Supplied data

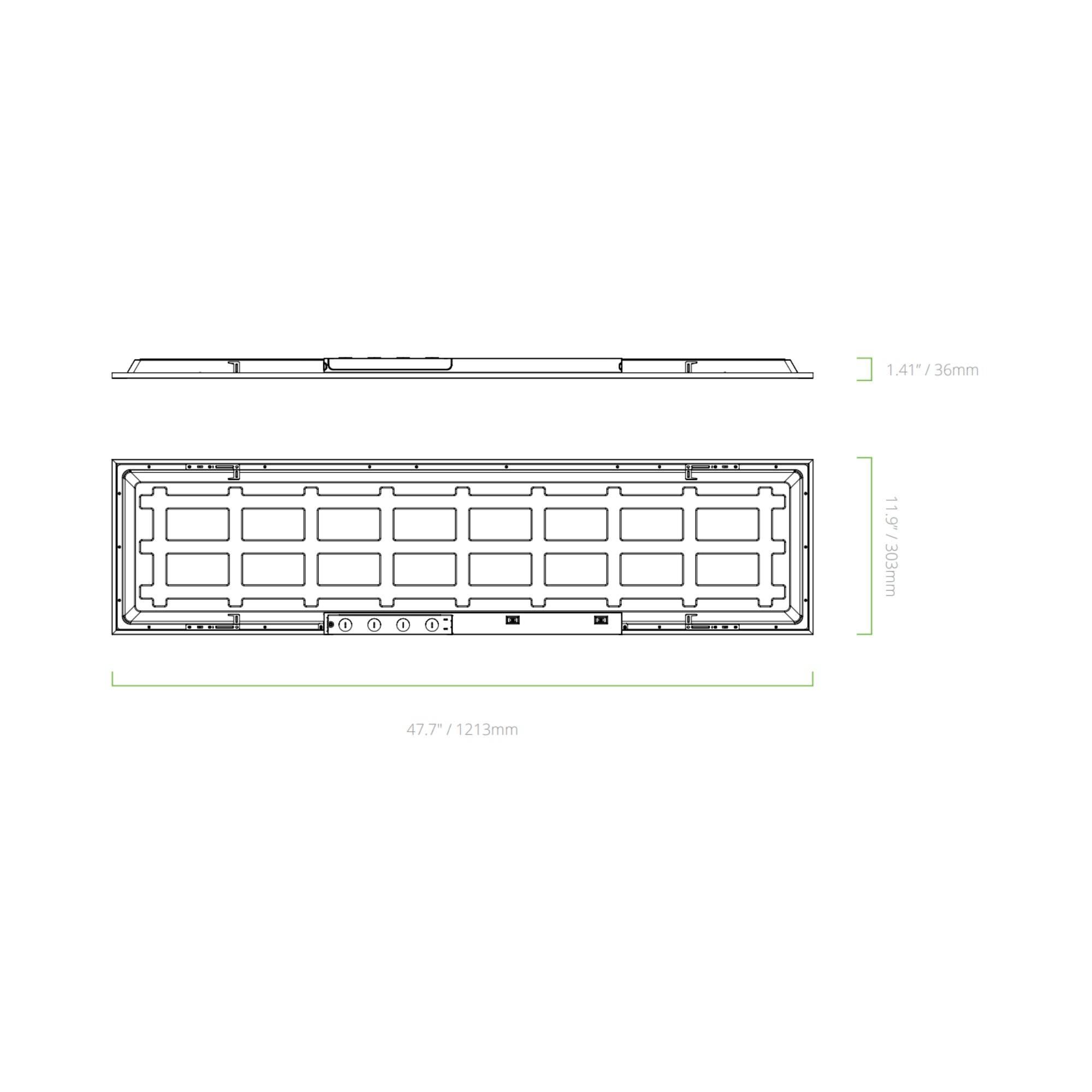 1x4 LED Flat Panel Light, 5000 Lumens, 40W, 35K/40K/50K, 120-277V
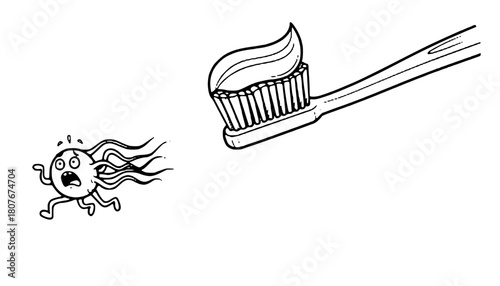 Cartoon germ running scared from toothbrush with toothpaste in a fun dental concept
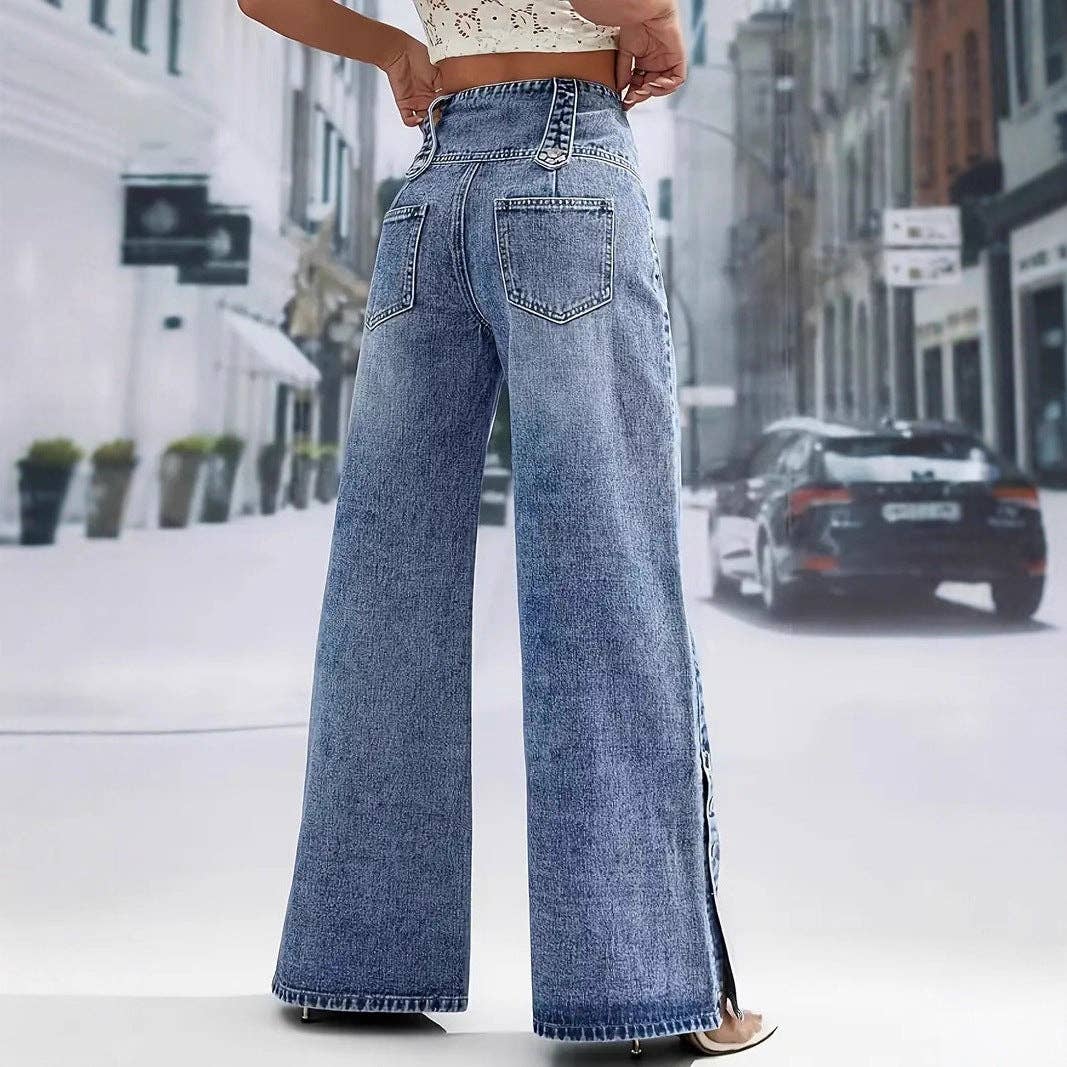Women's High Wide Leg Jeans with Decorative Side Buttons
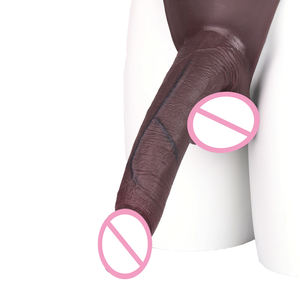 FAAK Grand <span class=keywords><strong>String</strong></span> en Silicone <span class=keywords><strong>Gode</strong></span> Creux Couleur Noire Sangle sur Pénis Manches Culotte Agrandisseur de Bite Extender Adult Sex Toys pour Hommes - Product Image 2
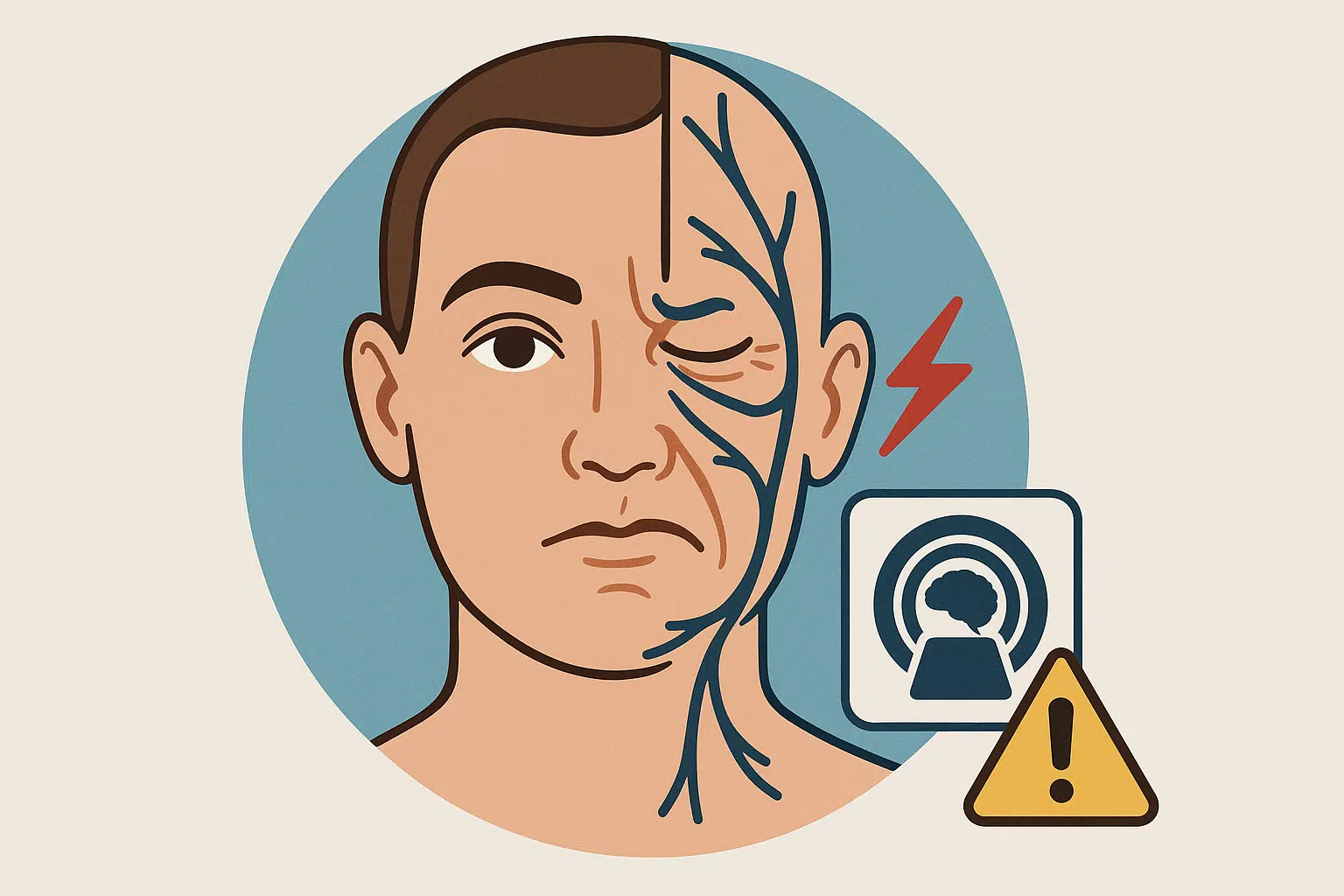 얼굴 반쪽이 눈에서 볼, 입꼬리까지 연쇄적으로 수축되는 장면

Exercise details
If an entry above holds a picture, leave that picture out and print the rest exactly.

Answer to the exercise
 1x4 LED Flat Panel Light, 5000 Lumens, 40W, 35K/40K/50K, 120-277V
 Cartoon germ running scared from toothbrush with toothpaste in a fun dental concept
Women's High Wide Leg Jeans with Decorative Side Buttons
 FAAK Grand <span class=keywords><strong>String</strong></span> en Silicone <span class=keywords><strong>Gode</strong></span> Creux Couleur Noire Sangle sur Pénis Manches Culotte Agrandisseur de Bite Extender Adult Sex Toys pour Hommes - Product Image 2
 얼굴 반쪽이 눈에서 볼, 입꼬리까지 연쇄적으로 수축되는 장면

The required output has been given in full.